■ What you are asked to do
An image-free, verbatim transcription of the records is the expected result.

::::::

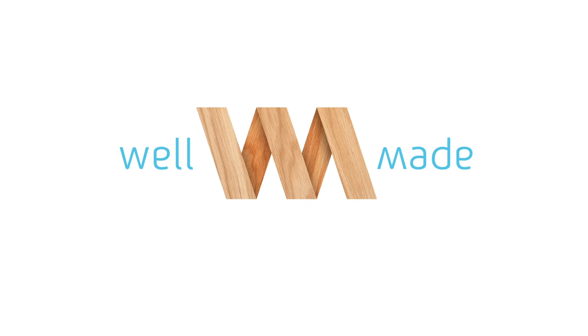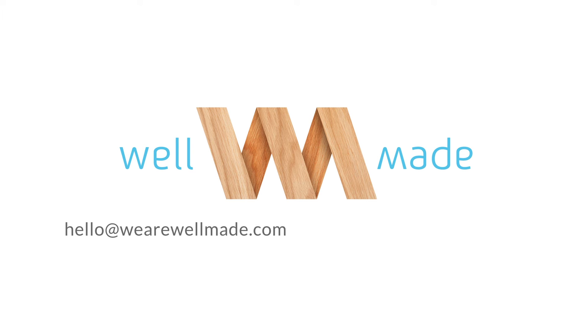If you have any questions about installation, customization, or anything else, just drop us a line at hello@wearewellmade.com.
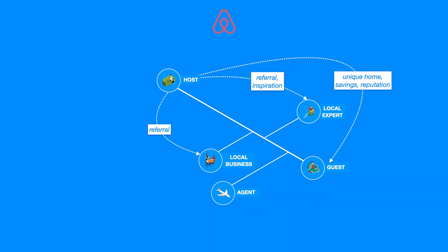An agent benefits from hosts in the form of a cheaper destination for guests, which increases the number of travelers reaching out to an agent. The gift of potential can therefore be framed in a form of cheaper destinations.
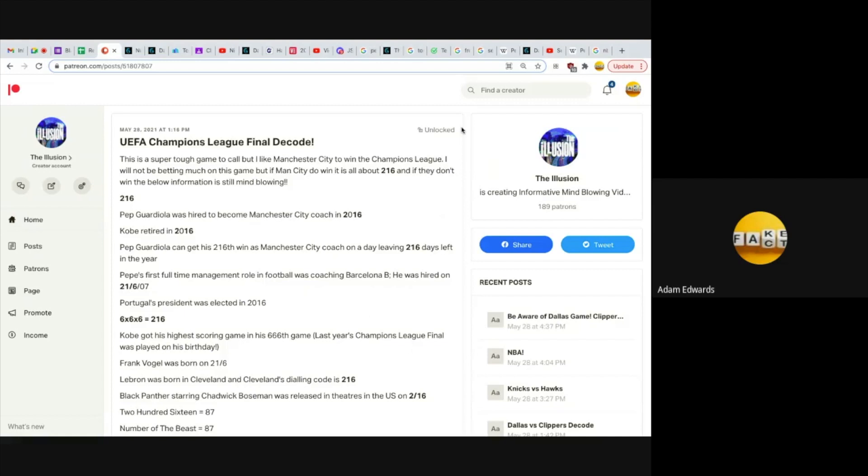You're about to see my Champions League Final decode. This is a super tough game to call, but I like Manchester City to win the Champions League. I will not be betting much on this game, but if Man City do win, it's all about the 216.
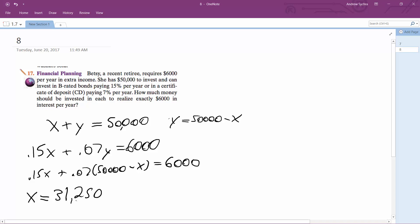And then you plug $31,250 into the top equation and subtract it from $50,000, we get Y is equal to $18,750.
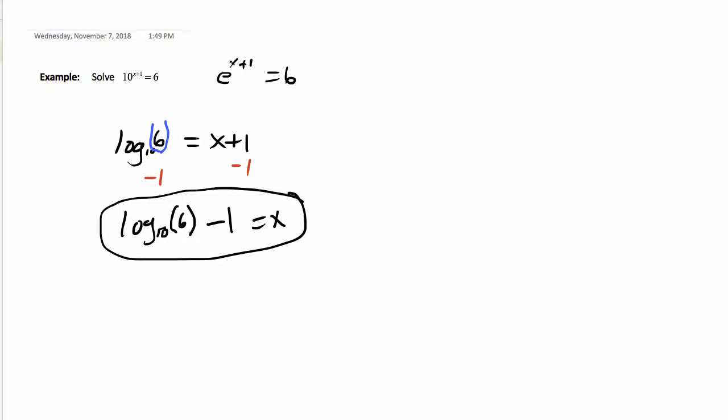Over here, if we look at this one: e to the x plus 1 equals 6. It's log base e, so when I change, I use natural log base e. We don't need the e written because it's a natural log. That's why we have natural log.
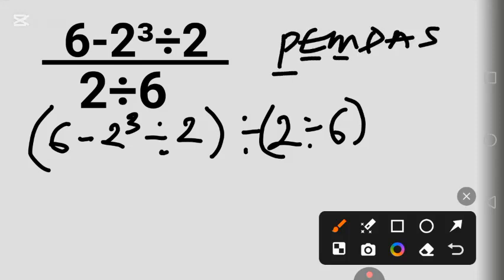Using PEMDAS: parentheses, exponents, then multiplication and division, which have the same order of priority — you solve from left to right. Addition and subtraction also have the same order of priority and are solved from left to right.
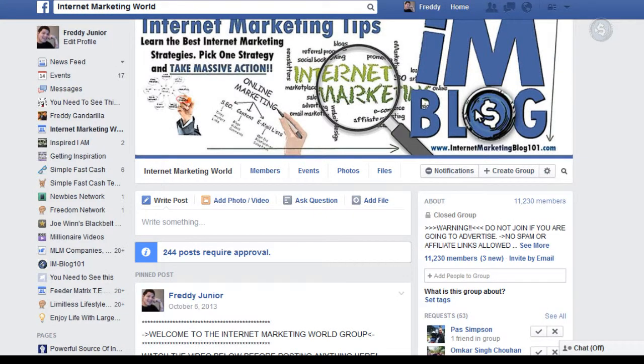All right, this is Freddy Candrilla here with another Facebook training video to share some value so you can start getting results on Facebook right now. I hope you are learning a lot from me.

::::::

■ Response
If you have any questions about installation, customization, or anything else, just drop us a line at hello@wearewellmade.com.
An agent benefits from hosts in the form of a cheaper destination for guests, which increases the number of travelers reaching out to an agent. The gift of potential can therefore be framed in a form of cheaper destinations.
You're about to see my Champions League Final decode. This is a super tough game to call, but I like Manchester City to win the Champions League. I will not be betting much on this game, but if Man City do win, it's all about the 216.
And then you plug $31,250 into the top equation and subtract it from $50,000, we get Y is equal to $18,750.
Over here, if we look at this one: e to the x plus 1 equals 6. It's log base e, so when I change, I use natural log base e. We don't need the e written because it's a natural log. That's why we have natural log.
Using PEMDAS: parentheses, exponents, then multiplication and division, which have the same order of priority — you solve from left to right. Addition and subtraction also have the same order of priority and are solved from left to right.
All right, this is Freddy Candrilla here with another Facebook training video to share some value so you can start getting results on Facebook right now. I hope you are learning a lot from me.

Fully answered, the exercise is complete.